(Bloomberg) -- President Christine Lagarde had barely begun unveiling the European Central Bank’s new monetary policy strategy this month when she signaled that the Germans were on board.
By quickly highlighting officials’ unanimous backing, she revealed the support of Bundesbank chief Jens Weidmann -- validation that also underscored how the hawkish and conservative institution he leads is committed to exerting influence through engagement rather than confrontation, and is quietly satisfied with the results.
Compare that to the history of Bundesbankers’ temper tantrums against ECB policies over the years, featuring bitter resignations and disagreements fought out in court, capped by outcomes that often defied their wishes anyway. If anything, the review’s outcome emphasizes a very different rapport than used to be the case.

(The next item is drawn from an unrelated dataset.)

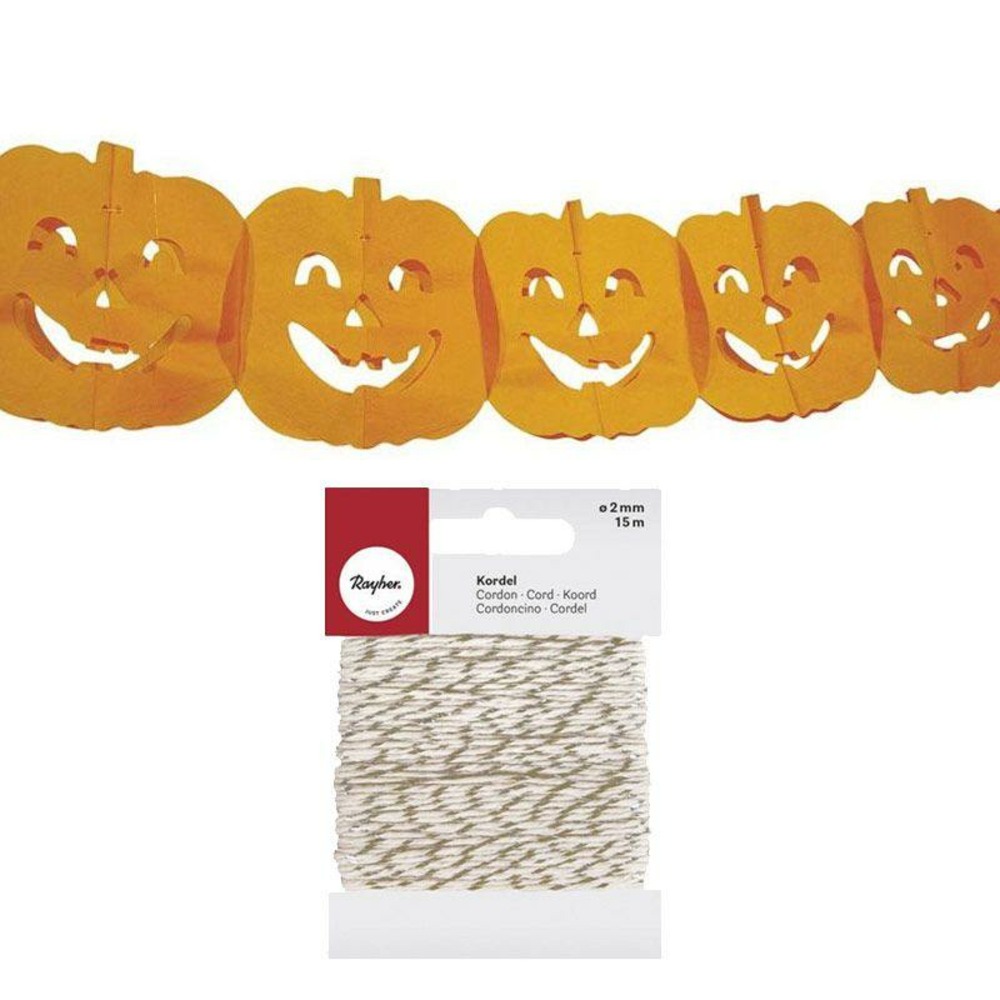 Guirlande citrouilles pour halloween + ficelle dorée & blanche 15 m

“There’s a certain pacification in the relationship, a better cooperation, and an acknowledgment that you have to get along,” said Guntram Wolff, director of the Bruegel think tank in Brussels. “There’s a fine line between being hawkish, which is a justified position, and being perceived as anti-euro.”
Lagarde’s accession to the ECB presidency and a different style to her predecessor, Mario Draghi, were important in resetting the Bundesbank relationship. And with elections in September in Germany, Europe’s biggest economy, she recognizes the need to sustain its support for the euro amid skepticism about policies such as negative interest rates.
An initial trial of the new monetary strategy, and the consensus underpinning it, will take place this week, as the Governing Council meets for a decision on Thursday that will result in revamped guidance on its future policy.
New Strategy
The approach Lagarde unveiled on July 8 included a new higher inflation target of 2% and discretion for officials in bolstering growth. That outcome reflected a compromise Weidmann was closely involved in wording as concrete drafts for the revamp circulated after a retreat of policy makers northeast of Frankfurt.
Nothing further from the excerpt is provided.